Jardin d'été (The Friends) (Natsu no niwa)
Shinji Somai (1994)
Toujours partante pour découvrir des cinéastes japonais dont la filmographie est inédite en France, je suis allée voir "Jardin d'été" de Shinji SOMAI sorti en 1994. Un réalisateur chaudement recommandé comme le précise l'affiche par Hirokazu KORE-EDA qui le considère comme un mentor pour sa propre filmographie. Et de fait, il existe une filiation assez évidente avec un film comme "L'innocence" (2022) et son refuge hors du temps pour des enfants quelque peu ostracisés par une société très normée.
"Jardin d'été" est un film à hauteur d'enfant, un film sur une enfance en jachère qui rappelle quelque peu "la base secrète" de la bande de "20th Century Boys chapitre 1" (2008) ou l'enfance qui joue à se faire peur en épiant un marginal "Du silence et des ombres" (1962) ou encore l'enfance confrontée à la mort en tant que rite de passage vers l'adolescence dans "Stand By Me" (1986) de Rob REINER. Il y a tout ça dans "Jardin d'été" et même aussi une allusion directe à "Mon voisin Totoro" (1988) lorsque l'un des enfants chante la chanson du générique de début en semant des graines de cosmos. Le fantastique affleure naturellement lors d'une scène de fantôme à l'hôpital ou lors d'un bouquet final sublime à la japonaise avec ces symboles de l'impermanence que sont les papillons et les lucioles (des équivalents des pétales de fleur de cerisier).

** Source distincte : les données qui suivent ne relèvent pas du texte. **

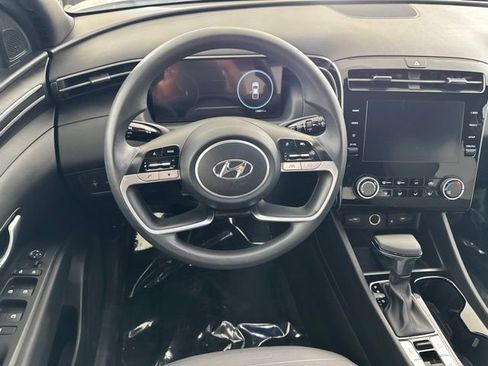 Used 2023 Hyundai Santa Cruz SEL w/ Activity Package AWD/4WD image 26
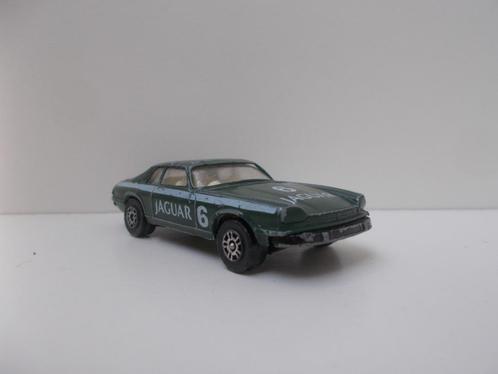 4875 Jaguar XJ-S Corgi Juniors, Hobby en Vrije tijd, Modelauto's | Overige schalen, Gebruikt, Auto, Ophalen of Verzenden
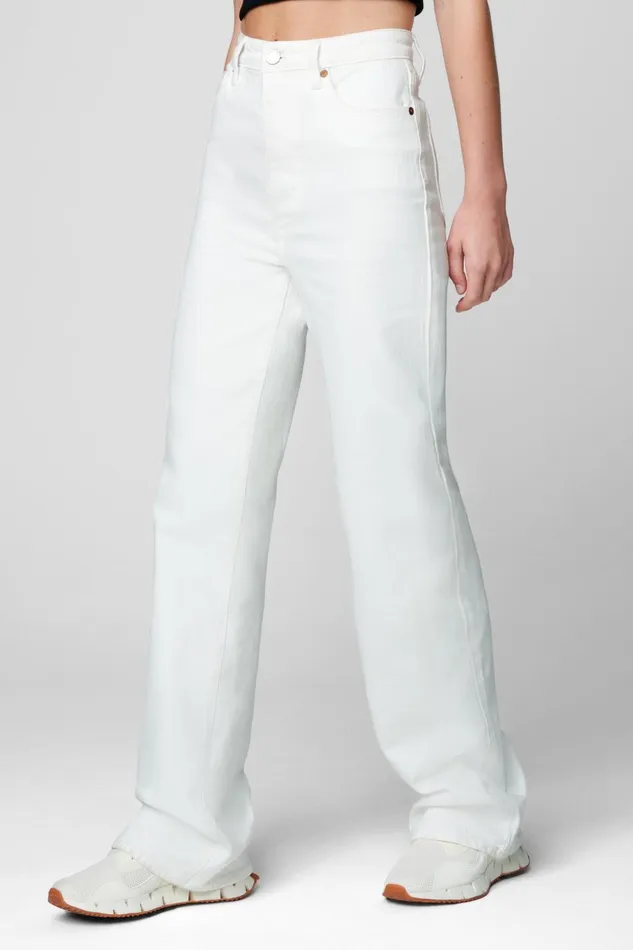 Pants Women Blank Nyc Franklin In See You Again Jean Pants Women Blank Nyc Franklin In See You Again Jean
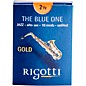 Rigotti Gold Alto Saxophone Reeds Strength 2.5 Medium thumbnail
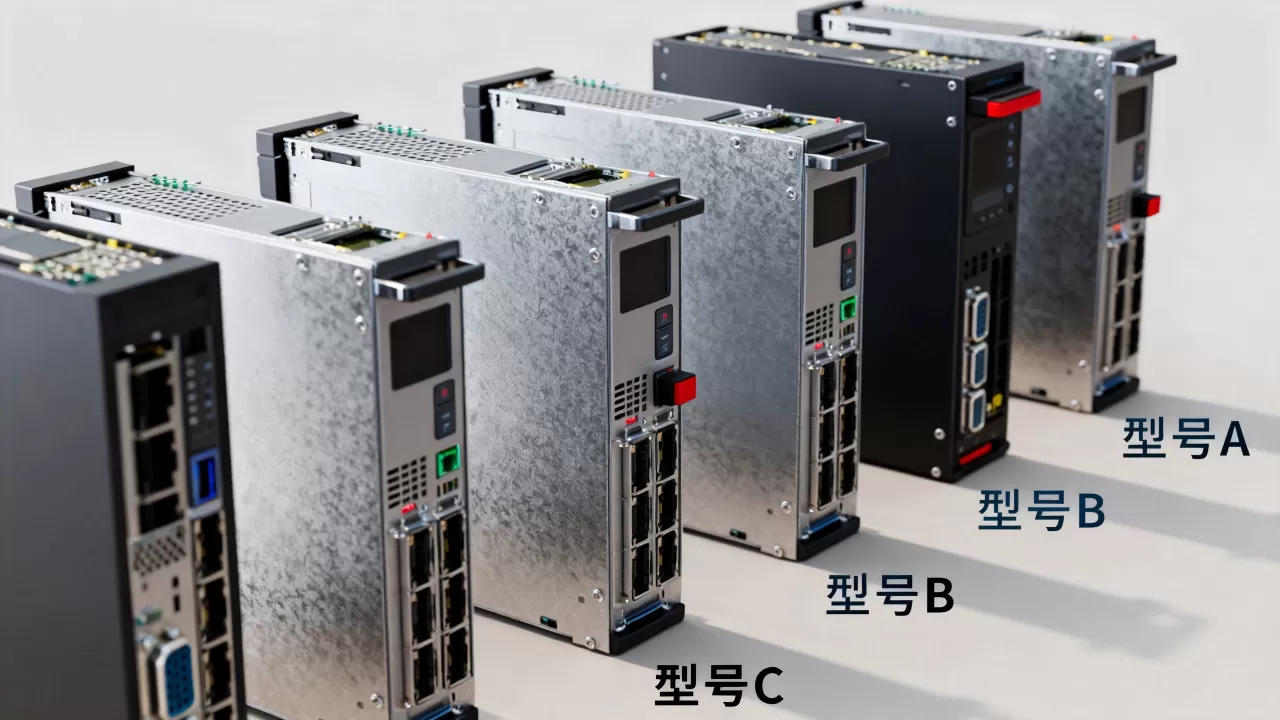 手持式服务器有哪些型号,哪个牌子性价比高? 手持式服务器有哪些型号,哪个牌子性价比高?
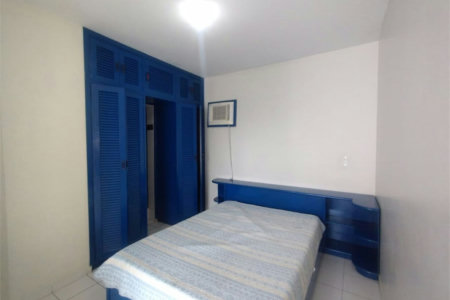 Apartamento à venda, Morro do Maluf, Guarujá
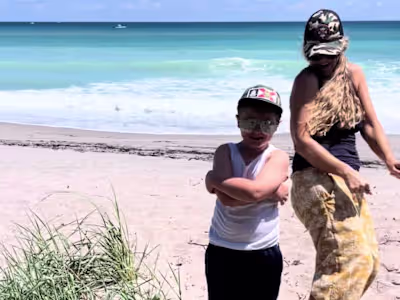 Cupcakes By The Ocean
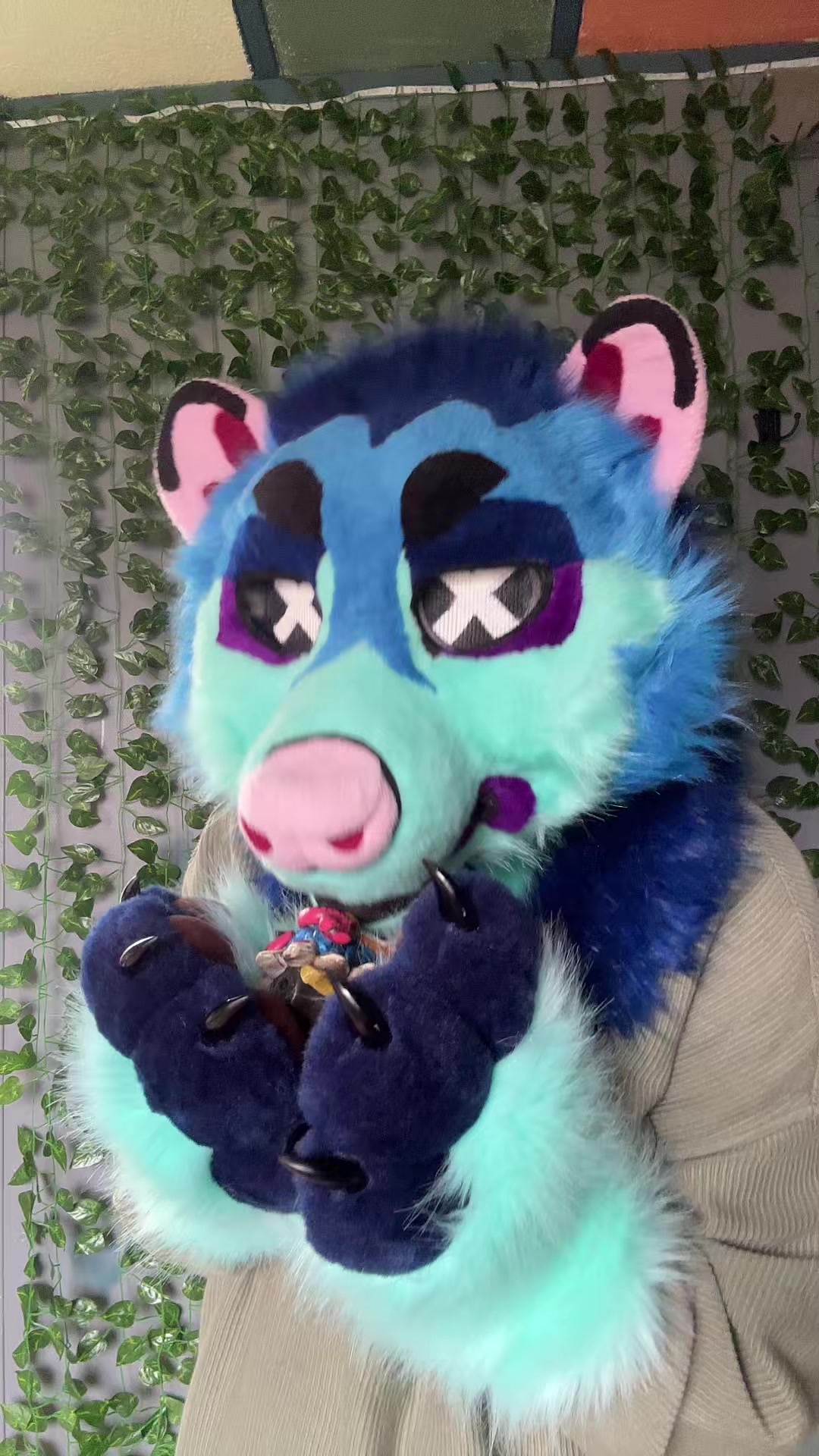 @undead.mutt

Néanmoins, la maison délabrée qui fascine les trois garçons n'a pas la même signification que dans "L'innocence" (2022) ou dans "Du silence et des ombres" (1962). En la nettoyant, la retapant, la défrichant, les enfants vont aussi entrer en contact avec son occupant, un vieillard solitaire vivant en quasi-reclus et qui symbolise la mémoire traumatique enfouie du Japon. Lorsque cette mémoire, celle d'un vétéran ayant commis des crimes de guerre est exhumée, on bascule dans un tout autre film qui fait penser à "Onoda, 10 000 nuits dans la jungle" (2021). Il faut en effet encore vingt ans de plus à cet homme perdu dans un puits sans fond au milieu de la jungle de son jardin pour retrouver, par l'intermédiaire des trois jeunes son identité et ses proches. Alors seulement il peut "rentrer" c'est à dire mourir en paix tandis que les garçons eux traversent le deuil en franchissent le seuil d'une nouvelle étape de leur vie.